You've probably heard or seen the expression "muscle memory" some time back in the past, but it did not impress you as something worth concentration until it was used several times by one of the most difficult clients you've ever had. He was the late, remarkable musician, Artie Shaw, of whom you were aware even before you reached double digits in age. Shaw spoke of repetition and practice of plateaus he meant to reach, then move beyond. He was not being immodest when he spoke of his ability to get tones and effects beyond the range of his instrument, the clarinet.
One of the few things you and he were in agreement about was the common denominator of time, as shared by writers, actors, musicians, and photographers. In all cases, the better of these artisans manipulate or control time, whether it is the interval between the opening and closing of a shutter on a camera, the pause between being asked a simple question and the actor's inert knowledge of when to read her line, the one word, "yes," the musician robbing an accent from one measure to cram the note into the following, producing the rubato effect, or the writer, ending a scene on an unresolved note in order to create the need within the reader to read on, to find out what happened.

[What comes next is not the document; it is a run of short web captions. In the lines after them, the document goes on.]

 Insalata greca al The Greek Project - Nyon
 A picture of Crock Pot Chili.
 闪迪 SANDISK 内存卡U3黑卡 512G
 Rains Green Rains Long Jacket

Through practice, you are able to produce results which appear to emerge from the overall theme and, of course, the individuals "acting" them and "acting on" what they gather from one another. As you see it, your job is the directorial one of bringing an event to the page, then developing the individuals who turn the event into an incident, which in turn sends you scurrying within your own resources, wondering how you can manage to cope with so much anarchy.
Sounds easy, which makes you aware of how beguiling anything is that sounds easy. By the same logic strand, things that seem more than a little difficult tend to encourage non-performance, acts of shutting down the process you've worked this hard to initiate.

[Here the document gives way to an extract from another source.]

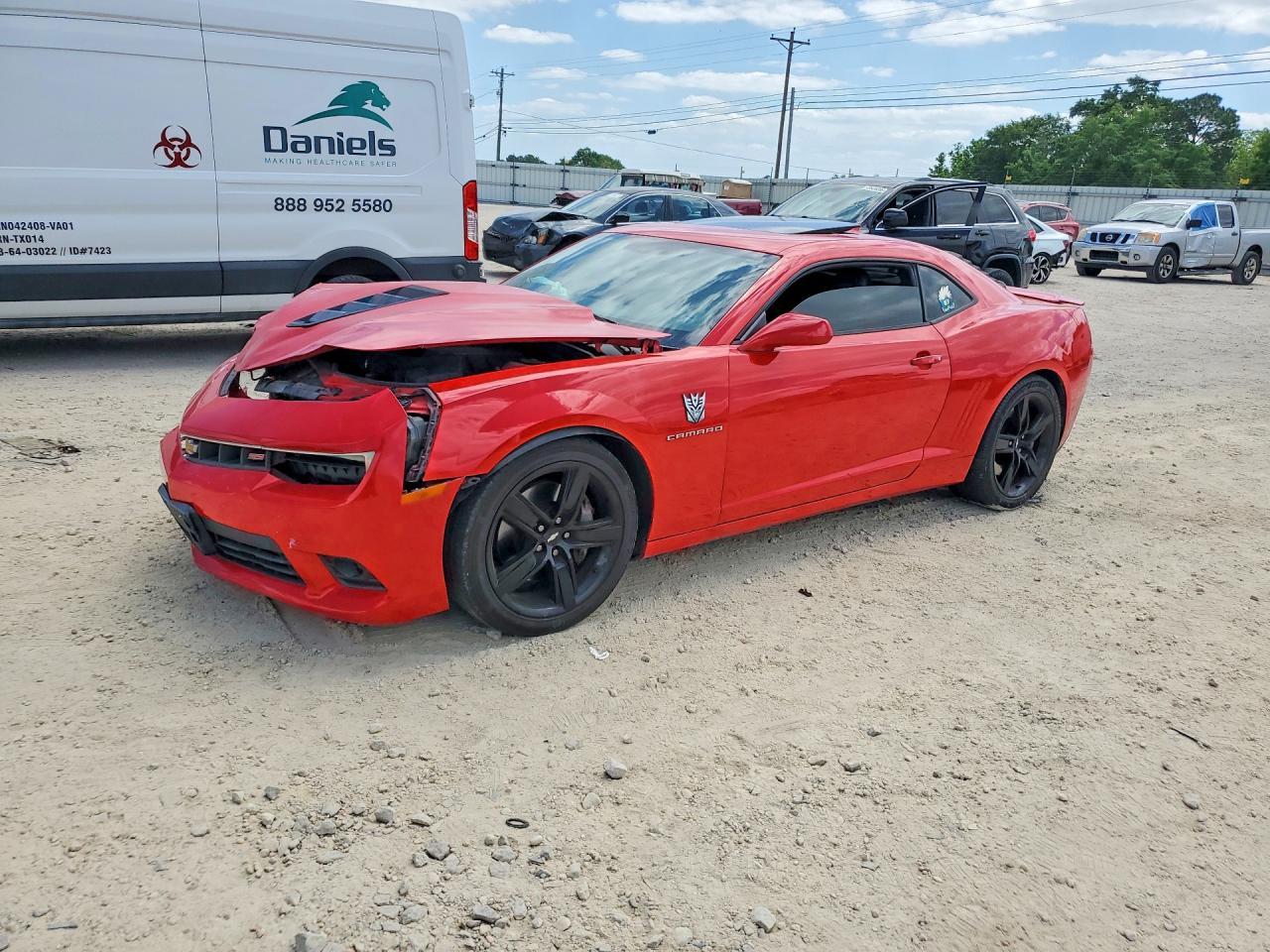2014 Chevrolet Camaro 2Ss - zdjęcie główne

The product of engaging difficulty with any measure of success is satisfaction. You work to achieve entry into that landscape of satisfaction. The longer you remain a resident as opposed to an occasional tourist is enjoyment or fun.

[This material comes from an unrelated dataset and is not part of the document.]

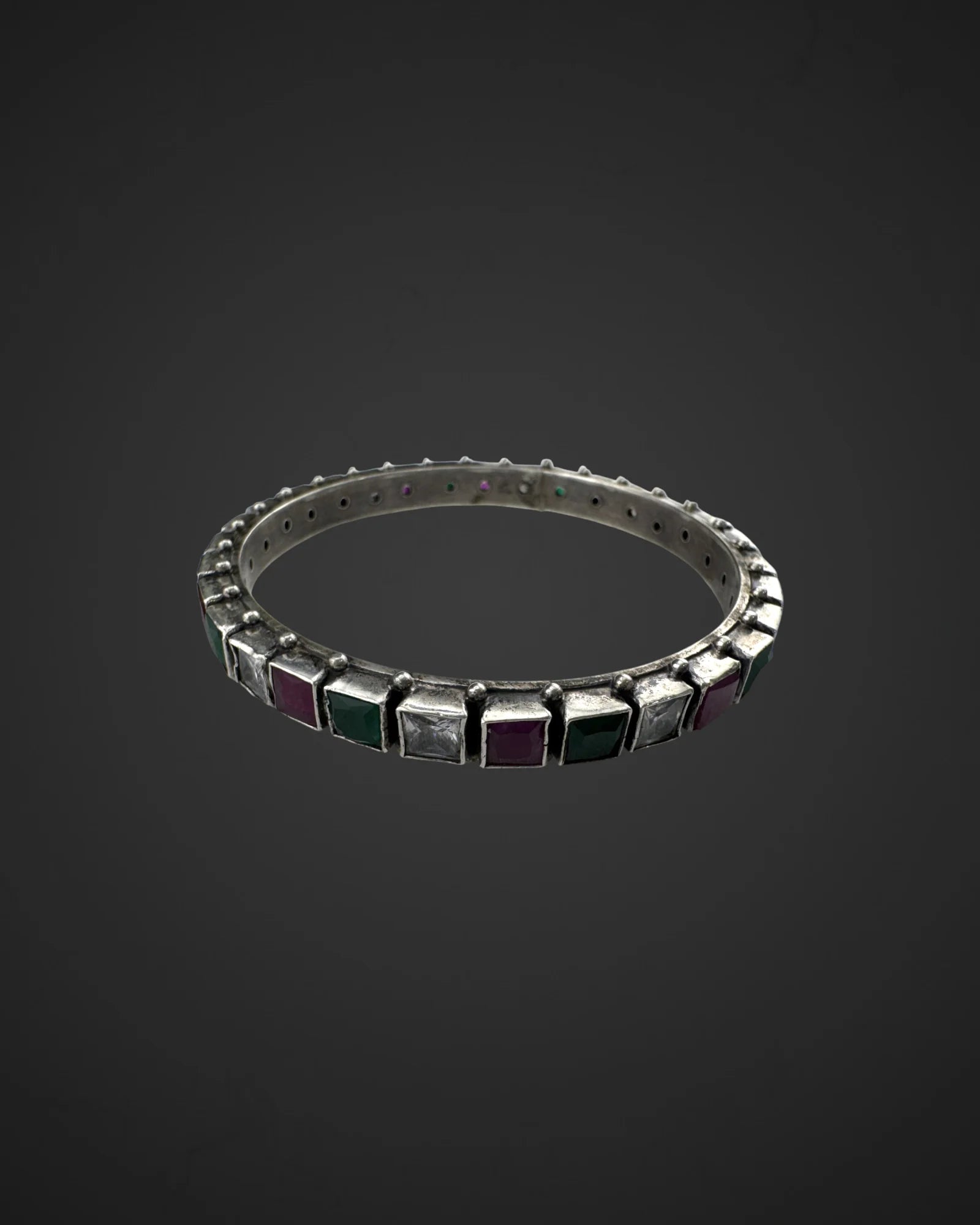 Whispers of Silver Bangles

Thus it progresses, degree by degree, until the barrier of seeming difficulty is met and out-maneuvered. With this kind of muscle memory starting to develop, there are bound to be some sore tendons and ligaments, but they are mere plateaus you practice to achieve so that you are meeting and challenging the gatekeeper of the difficult.
Achieving the sense of satisfaction now and again helps to keep you suiting up for practice every day, looking for an edge, looking for the muscle memory you can rely upon and so much admire when you see actors playing at improvisation, musicians playing improvisation, and photographers seeming to capture lightening in a bottle with a single, inspired exposure.
There have been times when you've seen it, a presence when you're composing, or editing something you've written, or discovered in your reading of another writer. That presence, the "it" you seek, can only come from the muscle memory you earn by practice.